8. Where housing accommodation for single workers or workers separated from their families is collective, the competent authority should establish housing standards providing, as a minimum, for:
(a) a separate bed for each worker;
(b) separate accommodation of the sexes;
(c) adequate supply of safe water;
(d) adequate drainage and sanitary conveniences;
(e) adequate ventilation and, where appropriate, heating; and
(f) common dining rooms, canteens, rest and recreation rooms and health facilities, where not otherwise available in the community.
9. Workers' housing standards should be revised from time to time to take account of social, economic and technical development and increases of real income per head.
10. In general, and in localities where employment opportunities are not of a temporary character, workers' housing and related community facilities should be of durable construction.
11. The aim should be to construct workers' housing and related community facilities in the most suitable materials available, having regard to local conditions, such as liability to earthquakes.

III. Special Schemes

12. In the developing countries special consideration should be given, as an interim measure pending development of a skilled labour force and of a building industry, to schemes such as large-scale aided self-help schemes for short-life housing, which offer one means for improvement in housing conditions, particularly in rural areas. Simultaneously, steps should be taken in these countries for the training of unemployed and unskilled workers for the building industry, thereby increasing the capacity for building permanent dwellings.
13. All appropriate measures should be taken by governments, employers and employers' and workers' organisations to assist home ownership by workers and, where desirable, self-help housing schemes. Such measures might include, for example:
(a) the provision of technical services, such as architectural assistance and, where necessary, competent supervision of the work;
(b) research into housing and building matters and publication and dissemination of manuals and simple, illustrated pamphlets containing information on such matters as housing design, housing standards, and building techniques and materials;
(c) training in simple building techniques of self-help housing;
(d) the sale or hire of equipment, materials or tools at less than cost;
(e) reduced interest rates and similar concessions, such as direct financial subsidies towards the initial capital outlay, the sale of land at less than developed cost and long leases of land at nominal rents.
14. All appropriate measures should be taken, where necessary, to give families information concerning the maintenance and rational use of facilities in the home.

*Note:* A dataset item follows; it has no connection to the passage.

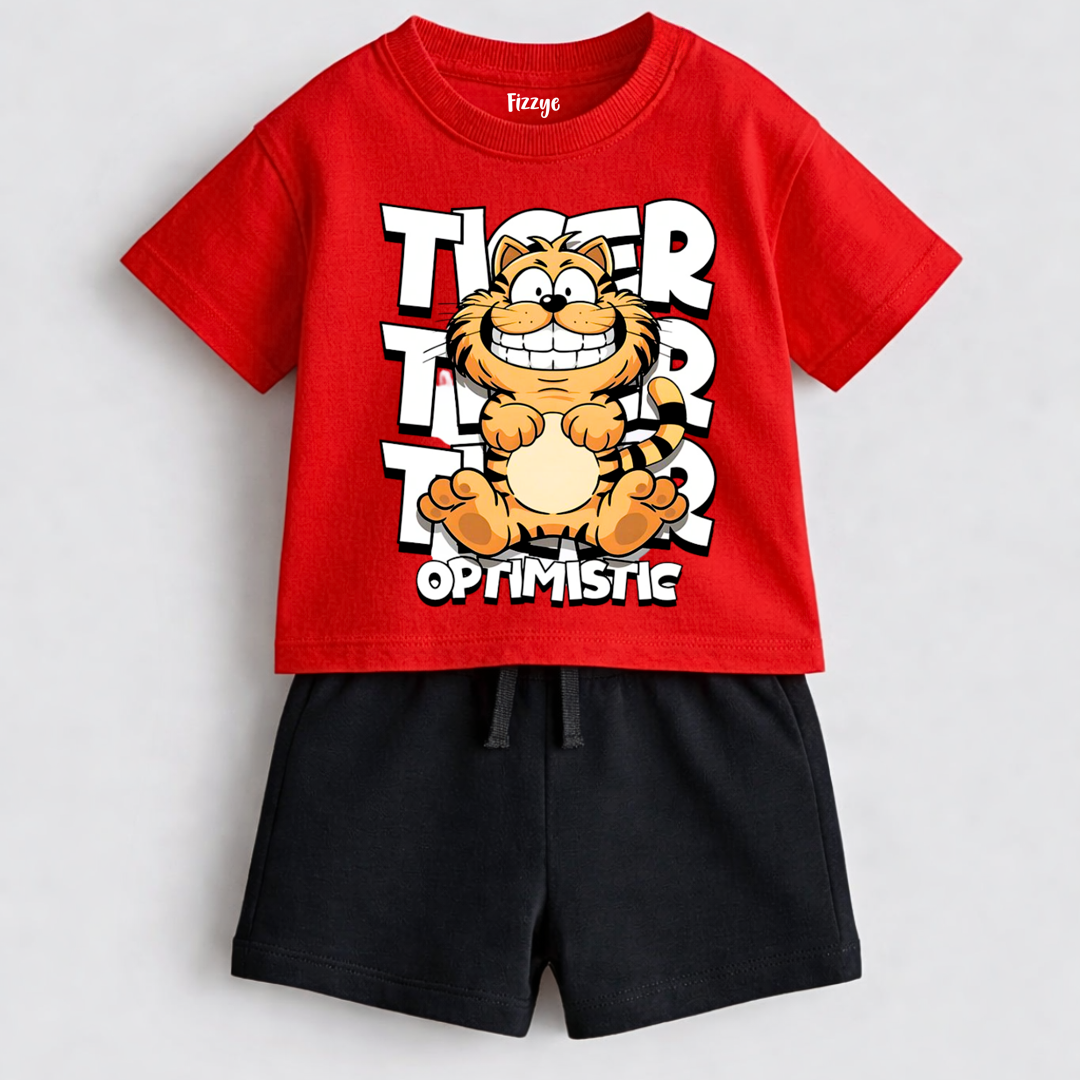 Optimistic Tiger | Kids Co-ord Set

IV. Housing Provided by Employers

15. In cases where housing is provided by the employer the following provisions should apply unless equivalent protection of the worker is ensured, whether by law or by collective or other binding agreements:
(a) the employer should be entitled to reposses the accommodation within a reasonable time in the event of termination of the worker's contract of employment;
(b) the worker or his family should be entitled to a reasonable period of continued occupancy to enable a satisfactory alternative dwelling to be obtained when he ceases to exercise his employment by reason of sickness, incapacity, the consequences of employment injury, retirement or death;
(c) the worker who, in the event of termination of his employment, is obliged to vacate his accommodation, should be entitled to receive fair compensation: (i) for crops which he is growing, with permission, on land belonging to the employer; and
(ii) as a general rule, for improvements enhancing permanently the amenities of the accommodation, which are made with the agreement of the employer, and the value of which has not yet been written off through use.
16. A worker occupying housing provided by his employer should maintain the premises in the condition in which he found them, fair wear and tear excepted.
17. Persons having social relations or business, including trade union business, with a worker occupying accommodation provided by the employer, should be entitled to free access to the house occupied by such worker.
18. The possibility should be examined, where appropriate, of a public authority or other institution or worker-occupants acquiring, for a fair price, ownership of housing provided by the employer, except in cases where such housing is within the operational area of the undertaking.

V. Financing

19. Public authorities should either finance directly or give financial assistance to rental housing schemes, especially for certain groups of workers, such as heads of newly formed families, single persons and those whose mobility is desirable for a balanced development of the economy.
20. Loans granted to workers in accordance with Paragraph 15 of the General Principles should cover all, or a substantial part of, the initial cost of the dwelling unit and should be repayable over a long period of time and at a moderate rate of interest. 21. Provident funds and social security institutions should be encouraged to use their reserves available for long-term investment to provide facilities for loans for workers' housing.
22. In the case of loans granted to workers to promote home ownership, adequate provision should be made to protect the worker against the loss of his financial equity in his house on account of unemployment, accident or other factors beyond his control, and in particular to protect his family against the loss of his financial equity in the event of his death.
23. Public authorities should render special financial assistance to workers who, by reason of inadequate income or excessively heavy outlay in respect of family responsibilities, are unable to obtain adequate accommodation.
24. In cases where public authorities provide direct financial assistance toward home ownership, the recipient should assume financial and other responsibilities with respect to such housing in so far as his capacity permits.
25. Public authorities giving financial assistance to housing programmes should ensure that tenancy or ownership of such workers' houses should not be refused on grounds of race, religion, political opinion or trade union membership.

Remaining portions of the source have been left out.